September 13, 2012
Many OECD countries suffer from high sovereign debts. Sooner or later, this problem must be addressed. Many argue that this will require some form of fiscal retrenchment or institutional reform or a combination of the two. This column argues that the two are not complements as many suggest – they are instead substitutes.
Many OECD countries suffer from high sovereign debts. Sooner or later, this problem must be addressed. That will require some form of fiscal retrenchment.
Quite often the fiscal problems are due to market rigidities, barriers to entry, and distortive tax systems. A programme of reform must therefore include both fiscal consolidation and institutional reform to enhance future growth. Growth and the larger tax base that goes with it provides the best prospect for solving the fiscal problems.
The obvious question regards timing. What should have priority: fiscal consolidation or institutional reform? A hard-line reasoning would argue that both should go hand in hand.
- Immediate fiscal consolidation to convince financial markets that policymakers stand to get the budget under control, and
- Institutional reform to increase the future tax base.
The more consolidation is put in place, the smaller the scope for institutional reform. Policymakers therefore face a trade off.

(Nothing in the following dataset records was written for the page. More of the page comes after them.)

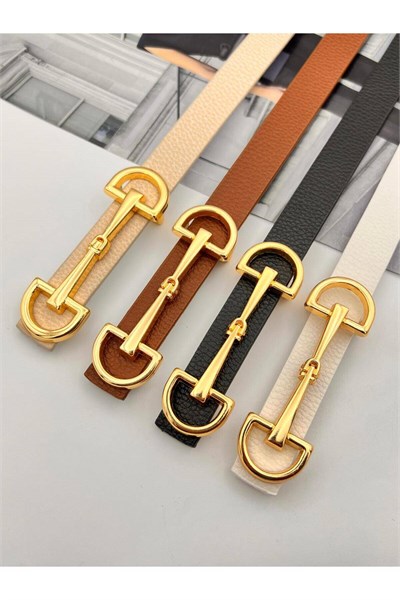 4lü Uzun Tokalı Gold Kadın Kemer Pantolon Kemeri Elbise Kemeri Gömlek Kemeri Ceket Kemeri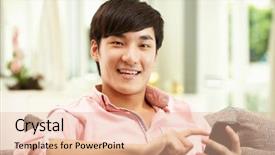  Presentation with mobile home - Theme enhanced with young chinese man using mobile phone on sofa at home background and a lemonade colored foreground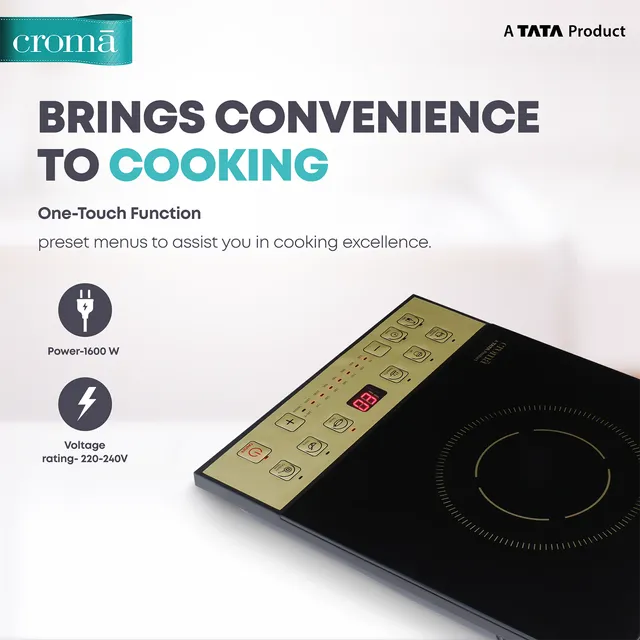 Croma 1600W Induction Cooktop with 7 Preset Menus (OPENBOX)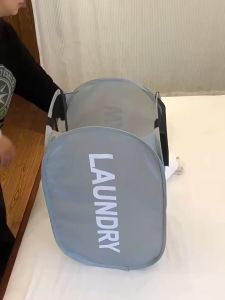 Foldable Laundry Basket - Pop-Up Mesh Clothes Hamper with Durable Handles - Large Capacity Storage for Dirty Clothes Toys and Dolls - Bathroom Basket with Side Pockets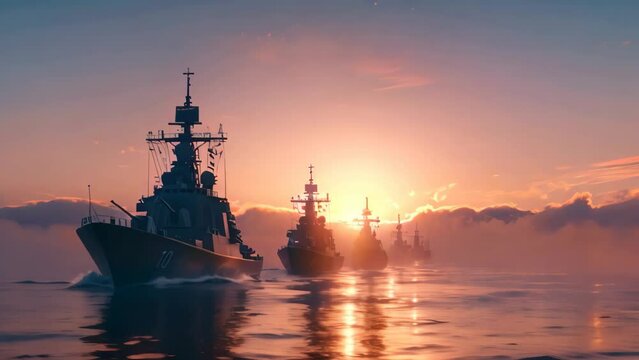 A fleet of ships gracefully floating on the calm surface of a wide body of water, A row of large, imposing navy destroyers in stark contrast with a peaceful, cloudless sky
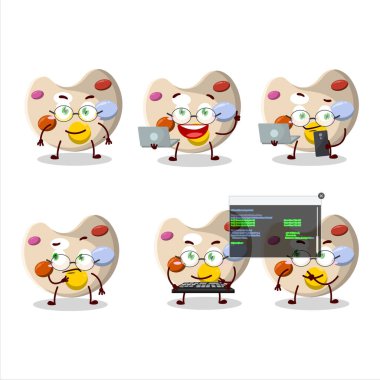 Renkli palet programcısıyla sevimli çizgi film karakteri. Vektör illüstrasyonu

The argument does not rely on political fatigue, but on the distribution of wealth between generations:
- Both consolidation and reform reduce the current generation’s wealth and hence their consumption.
- Too sharp a fall in consumption will lead to costly adjustment of production capacity, from consumption goods and non-tradables (which can only be sold on the home market) to investment goods and tradables (which can be sold abroad).